WHAT TO PRODUCE:
Within the entries below, please retype exactly the lines starting with the line that has "KOLON SPORT Camp OBLI-K" and going on through the line that has "Book cover of: Monkey", but not the pictures.

EXERCISE INPUTS:
####
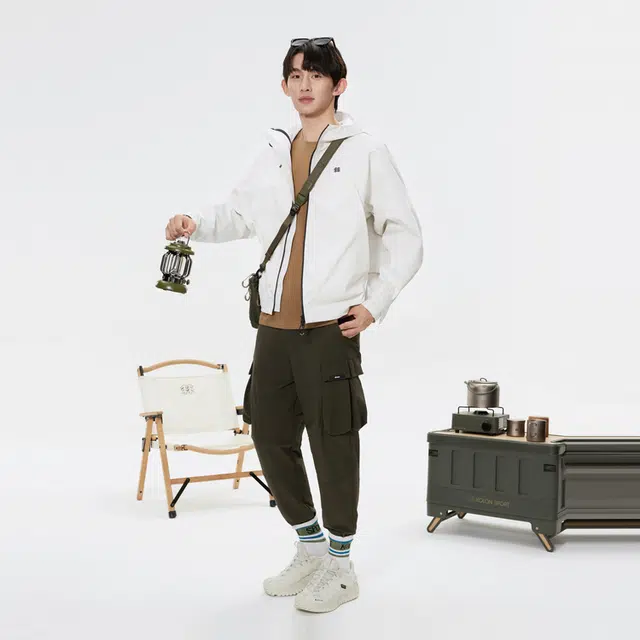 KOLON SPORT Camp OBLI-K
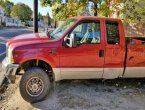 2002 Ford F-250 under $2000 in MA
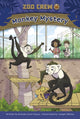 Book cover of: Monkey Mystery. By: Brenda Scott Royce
####
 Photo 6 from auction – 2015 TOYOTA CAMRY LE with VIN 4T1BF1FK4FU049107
####
ANSWER BOX:
 KOLON SPORT Camp OBLI-K
 2002 Ford F-250 under $2000 in MA
 Book cover of: Monkey Mystery. By: Brenda Scott Royce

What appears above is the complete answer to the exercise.